Required work >>
Without skipping anything, print all of the data exactly.

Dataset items
BEGIN

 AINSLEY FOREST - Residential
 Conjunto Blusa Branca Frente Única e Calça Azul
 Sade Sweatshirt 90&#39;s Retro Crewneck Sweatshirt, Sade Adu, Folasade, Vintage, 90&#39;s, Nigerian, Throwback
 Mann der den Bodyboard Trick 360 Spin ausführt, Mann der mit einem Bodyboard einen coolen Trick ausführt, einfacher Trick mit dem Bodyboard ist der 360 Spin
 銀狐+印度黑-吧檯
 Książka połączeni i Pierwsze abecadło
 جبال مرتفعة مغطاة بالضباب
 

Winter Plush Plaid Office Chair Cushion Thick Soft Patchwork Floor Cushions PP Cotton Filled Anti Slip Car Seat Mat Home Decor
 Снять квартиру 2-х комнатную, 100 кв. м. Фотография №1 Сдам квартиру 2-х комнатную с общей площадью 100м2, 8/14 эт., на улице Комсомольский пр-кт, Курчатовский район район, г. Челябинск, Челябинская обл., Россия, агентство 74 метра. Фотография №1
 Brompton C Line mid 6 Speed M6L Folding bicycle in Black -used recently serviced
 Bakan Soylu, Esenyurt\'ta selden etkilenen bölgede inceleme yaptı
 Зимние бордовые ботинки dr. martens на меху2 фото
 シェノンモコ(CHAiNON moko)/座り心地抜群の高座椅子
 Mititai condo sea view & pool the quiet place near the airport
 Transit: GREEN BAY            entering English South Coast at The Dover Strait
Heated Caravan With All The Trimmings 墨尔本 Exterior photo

END

Written response >>
 AINSLEY FOREST - Residential
 Conjunto Blusa Branca Frente Única e Calça Azul
 Sade Sweatshirt 90&#39;s Retro Crewneck Sweatshirt, Sade Adu, Folasade, Vintage, 90&#39;s, Nigerian, Throwback
 Mann der den Bodyboard Trick 360 Spin ausführt, Mann der mit einem Bodyboard einen coolen Trick ausführt, einfacher Trick mit dem Bodyboard ist der 360 Spin
 銀狐+印度黑-吧檯
 Książka połączeni i Pierwsze abecadło
 جبال مرتفعة مغطاة بالضباب
 

Winter Plush Plaid Office Chair Cushion Thick Soft Patchwork Floor Cushions PP Cotton Filled Anti Slip Car Seat Mat Home Decor
 Снять квартиру 2-х комнатную, 100 кв. м. Фотография №1 Сдам квартиру 2-х комнатную с общей площадью 100м2, 8/14 эт., на улице Комсомольский пр-кт, Курчатовский район район, г. Челябинск, Челябинская обл., Россия, агентство 74 метра. Фотография №1
 Brompton C Line mid 6 Speed M6L Folding bicycle in Black -used recently serviced
 Bakan Soylu, Esenyurt\'ta selden etkilenen bölgede inceleme yaptı
 Зимние бордовые ботинки dr. martens на меху2 фото
 シェノンモコ(CHAiNON moko)/座り心地抜群の高座椅子
 Mititai condo sea view & pool the quiet place near the airport
 Transit: GREEN BAY            entering English South Coast at The Dover Strait
Heated Caravan With All The Trimmings 墨尔本 Exterior photo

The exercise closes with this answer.